Let $A,B$ be $\mathbb{C}$-vector space. We can view them as a $\mathbb{Z}$-module. Suppose that there is a $\mathbb{Z}$-module isomorphism $\phi$ between $A$ and $B$. Then can we have a natural $\mathbb{Q}$(or even $\mathbb{R}$, $\mathbb{C}$)-vector space isomorphism between $A$ and $B$ from $\phi$?

I think at least we can have $\mathbb{Q}$-vector space isomorphism.

For example, Let $a\in A$ and denote $\frac{1}{n}a=\alpha\in A$ for some natural number $n$. Let $\phi$ be a $\mathbb{Z}$-module isomorphism from $A$ to $B$. Then, we have

$\phi(a)=\phi(n\alpha)=n\phi(\alpha)=n\phi(\frac{1}{n}a)$.

Thus, $\phi(\frac{1}{n}a)$ has to be $\frac{1}{n}\phi(a)$. Because $\mathbb{Q}$ is the field of fraction of $\mathbb{Z}$, we may have $\phi(\frac{m}{n}a)=\frac{m}{n}\phi(a)$ for all $a\in A$ and $\frac{m}{n}\in\mathbb{Q}$.

Am I right?

Now, I am struggling to extend to $\mathbb{R}$ or $\mathbb{C}$ vector space isomorphism.

Answer 1

Your argument that $\mathbb{Z}$-linear implies $\mathbb{Q}$-linear is correct but it's not possible to go beyond this. In fact assuming the axiom of choice $\mathbb{C}$ and $\mathbb{C}^2$, for example, are isomorphic as $\mathbb{Q}$-vector spaces (since they both have the same dimension, namely $|\mathbb{R}|$).

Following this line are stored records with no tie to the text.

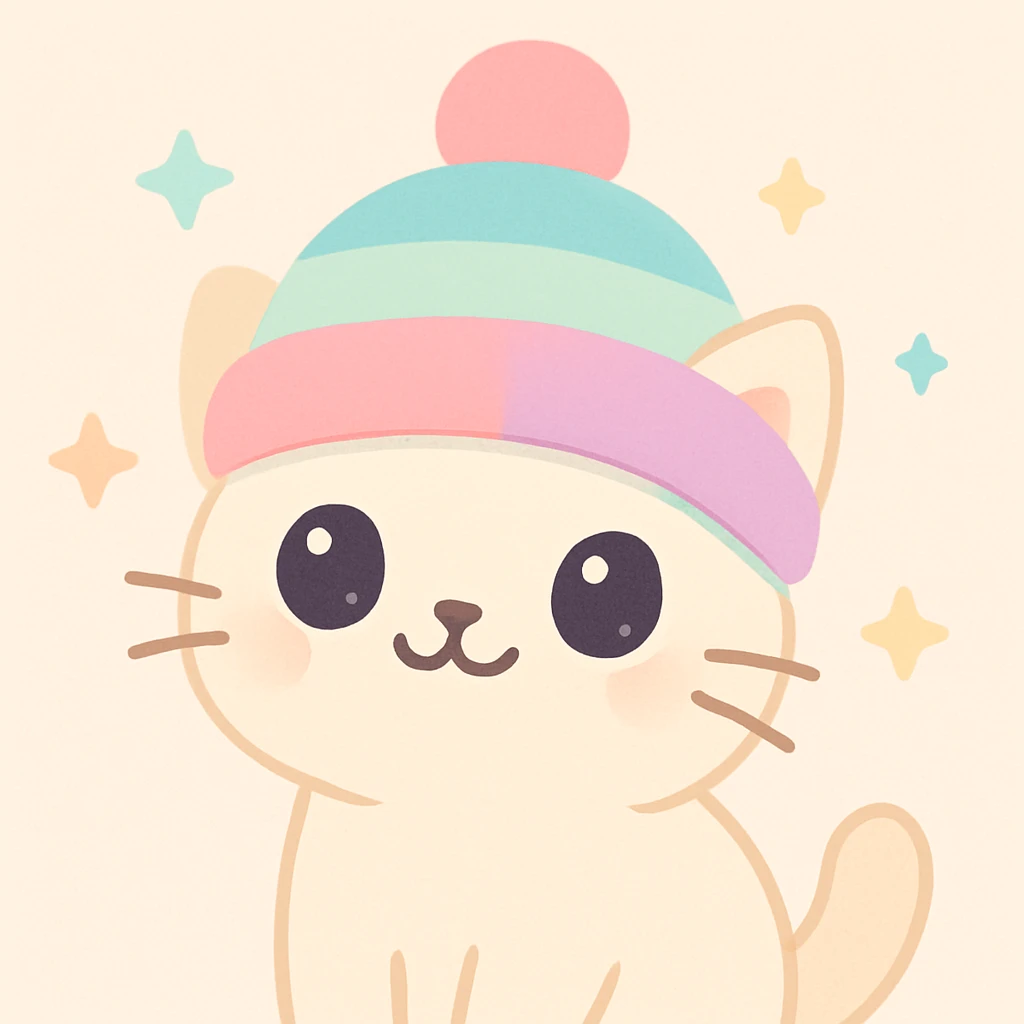 cute cat wearing a colorful hat, modern illustration style, vibrant and charming emoji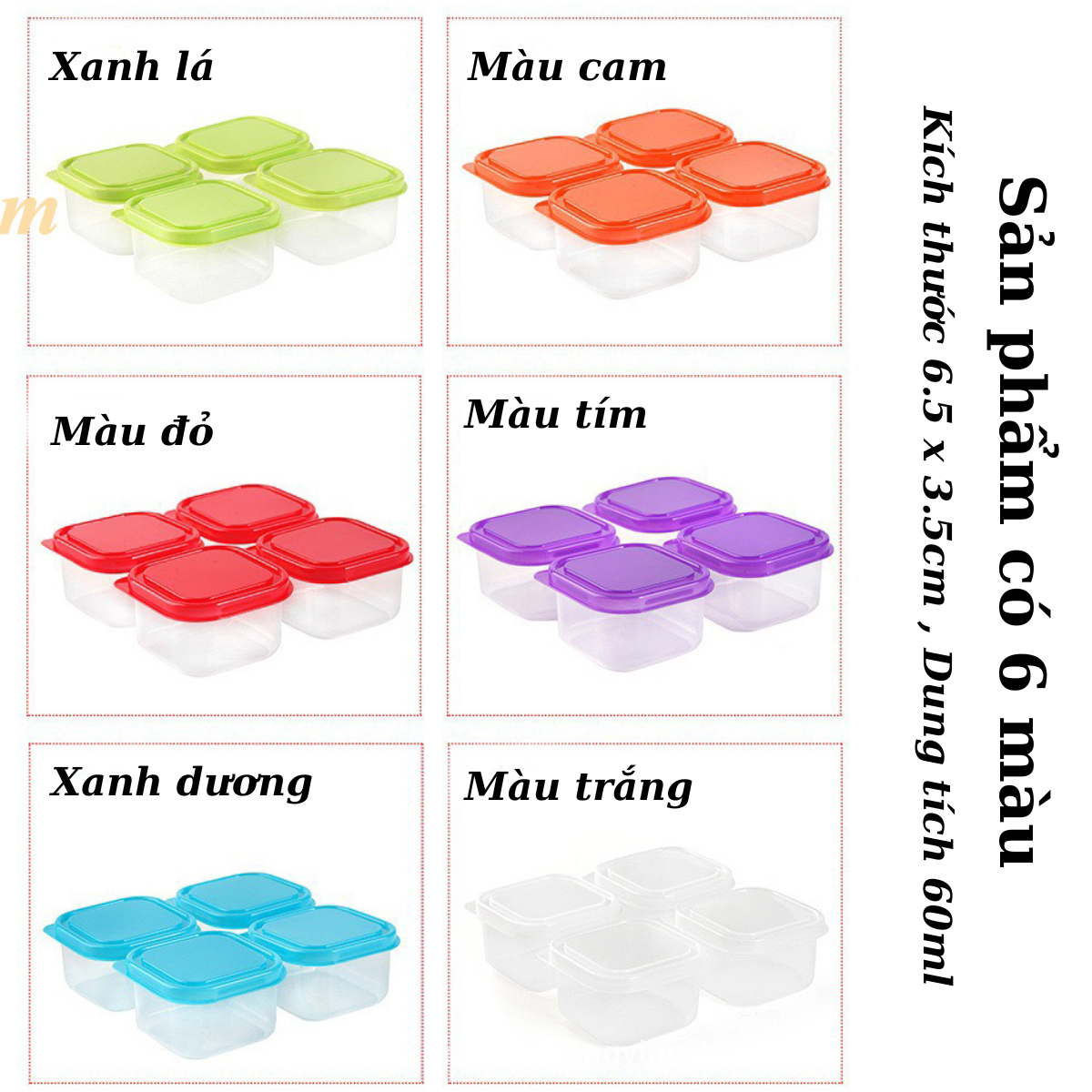 Hộp Trữ Đông Ăn Dặm Đựng Thức Ăn 60ml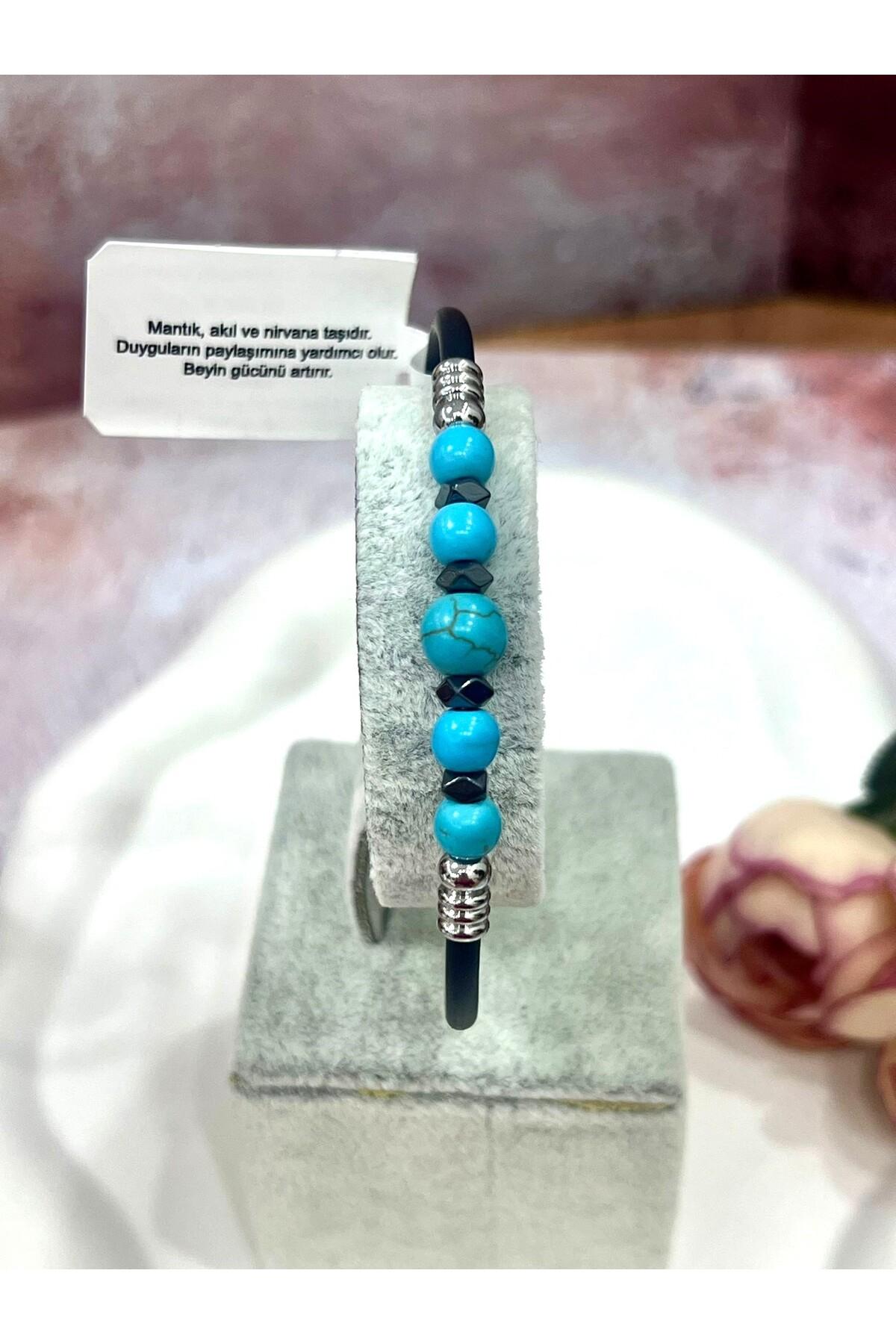 Şifalı Doğal Taşlı Erkek Bileklik - Siyah Kauçuklu Turkuaz Doğal Taşlı Erkek Bileklik Mdl 2 - Görsel 2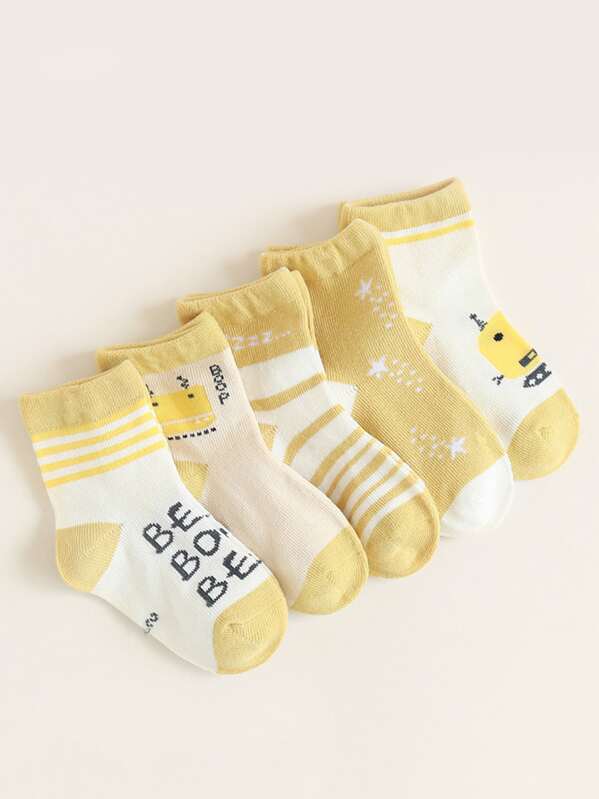 

5pairs Kids Letter & Striped Pattern Socks, Multicolor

On the other hand, it's consistent with ZF that every homomorphism between Polish groups is automatically continuous, and in particular that every homomorphism between finite-dimensional real or complex vector spaces is automatically continuous. If this is true then any $\mathbb{Z}$-linear isomorphism between finite-dimensional real or complex vector spaces is automatically $\mathbb{R}$-linear, so in the real case we're done, and in the complex case they have the same real dimension and hence the same complex dimension, so there is some other $\mathbb{C}$-linear isomorphism between them.